Publish clear commitments to DEIJ. Explain how the organization applies these commitments to reduce exclusion and support the long-term sustainability of access to the product for diverse and underserved or marginalized communities.
Provide DEIJ training and topics such as algorithmic bias, the digital divide, employment equity, mis- and disinformation.
Track and publish measurable progress in DEIJ across hiring, leadership, and operations.
Tags
Accessibility, Ideation, Social Equity, Strategy
Respect user data rights and manage data lifecycle through minimized collection, user control, portability, deletion, and content archiving.
Maintain publicly accessible privacy, legal, and policy documents in plain language and accessible formats. Follow strong data protection practices aligned with recognized international standards, apply stronger protections where risks to users are higher or safeguards are insufficient, and support good practices in privacy, accessibility, and sustainability through transparent data use and governance.
Respect user data rights, including access, correction, deletion, opt-out, and data portability. Provide clear user controls to manage accounts, data, and subscriptions. Only collect and retain personal data for a defined purpose and for no longer than necessary. Provide data export in open, commonly used formats. Ensure that deletion and consent changes apply across all systems, including databases, derived datasets, backups, and caches, within a reasonable timeframe.

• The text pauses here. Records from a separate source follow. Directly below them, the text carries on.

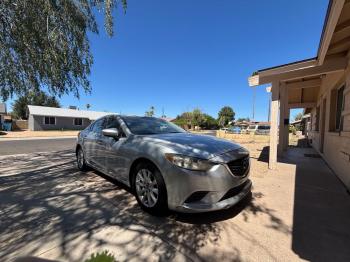  Salvage Mazda 6
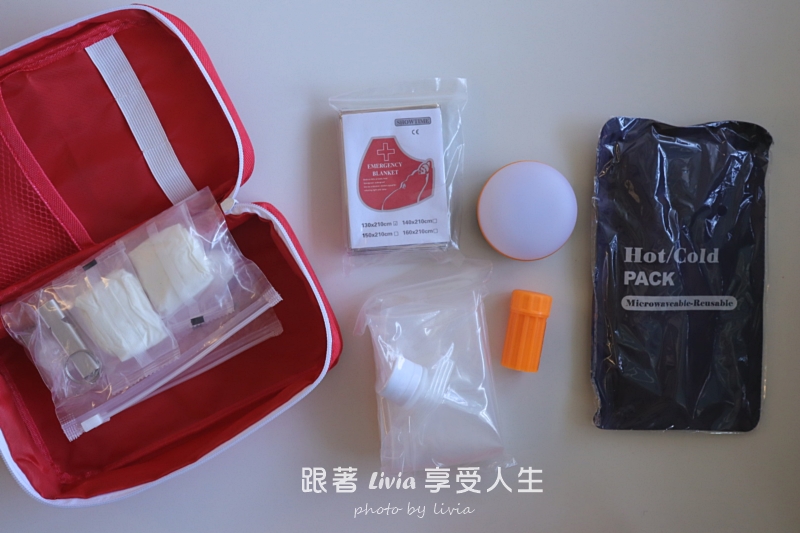 LUFstyle 綜合應變盒開箱分享|把急救、防災與日常備品整理好,家裡多一份安心! - 第6張圖 LUFstyle 綜合應變盒開箱分享|把急救、防災與日常備品整理好,家裡多一份安心!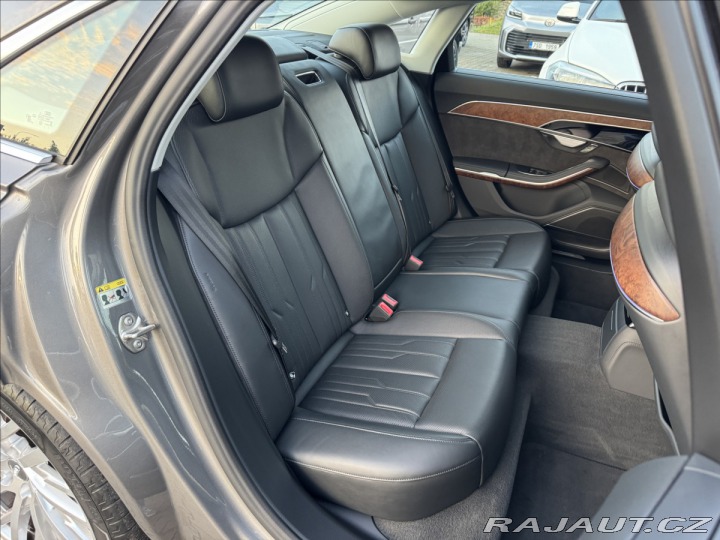 Audi A8 55 TFSI Quattro 2019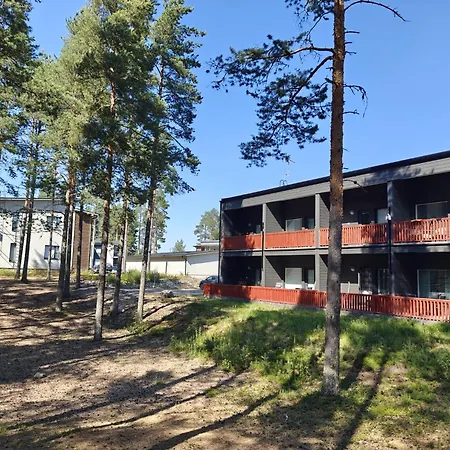 Paeaetyhuoneisto Sunvillas A 30 Apartment Kalajoki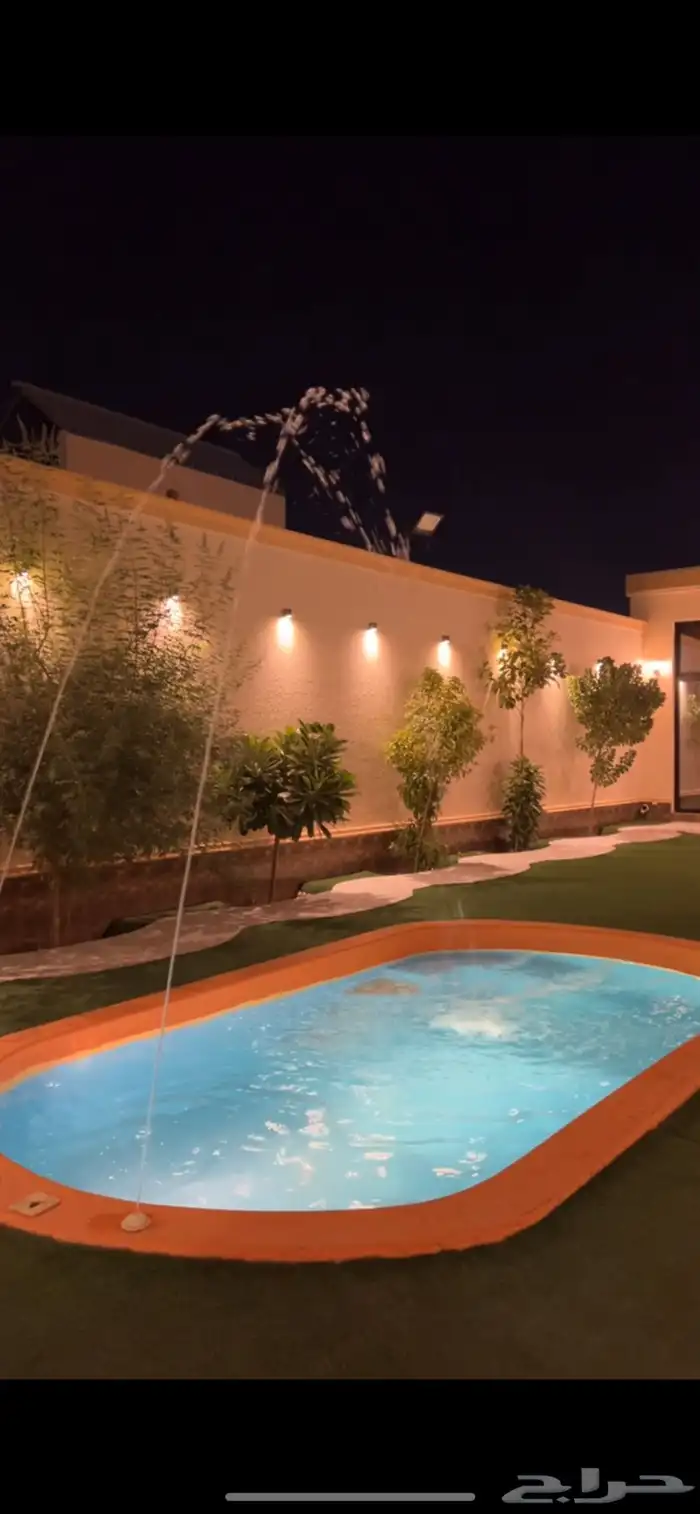 شاليه للجود للايجار اليومي 0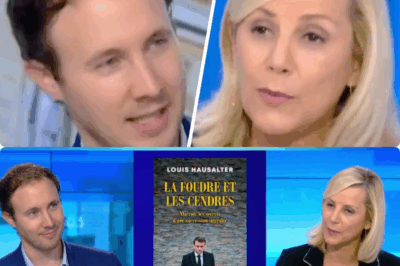 💥 Il y a quelques instants, Louis Hausalter a secoué le débat politique en déclarant : « Il se passe quelque chose quant à la légitimité d’Emmanuel Macron », laissant planer un doute inquiétant sur la stabilité du pouvoir, provoquant un émoi immédiat sur les réseaux sociaux et un vif débat parmi les journalistes et politologues, qui s’interrogent : le président français fait-il face à une remise en question historique ou n’est-ce qu’une exagération médiatique ? 😱 👉 Lire plus dans le premier commentaire 👇👇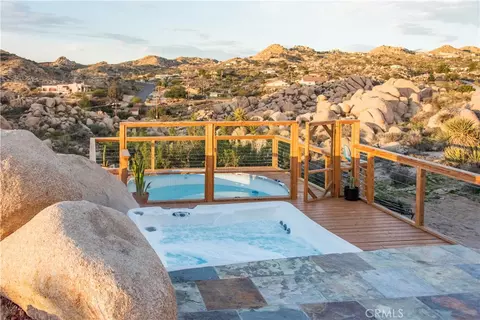 Exterior - 5802 Olema Rd, Yucca Valley, CA 92284 photo 5 of 22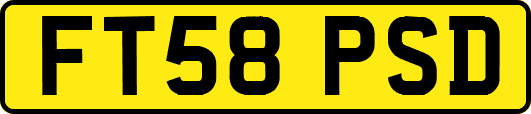 FT58PSD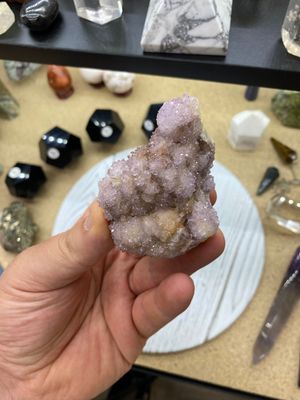 Spirit Quartz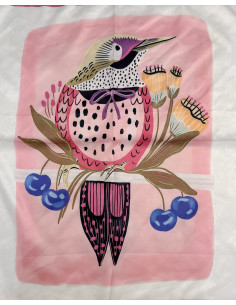 PAÑUELO PÁJARO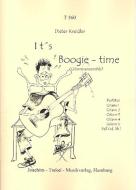 It's Boogie time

Archive and delete outdated or otherwise expired product content and data via automated expiration dates and scheduled product audits. Publish the archiving schedule, ensuring a lightweight version of the old searchable content is maintained for those that may require it.
Tags
AI, Content, Governance, Privacy, Security, Social Equity, Strategy
Ensure responsible use of automated systems by only using ethically sourced and suitably sized data and models, managing environmental impacts, supporting workforce adaptation, respecting user agent controls, and using post-quantum encryption only where justified.
Ensure datasets used, created, or referenced by automated systems are no larger than necessary for the task, ethically sourced, screened, validated, stored, and used in a fair and non-discriminatory, responsible way.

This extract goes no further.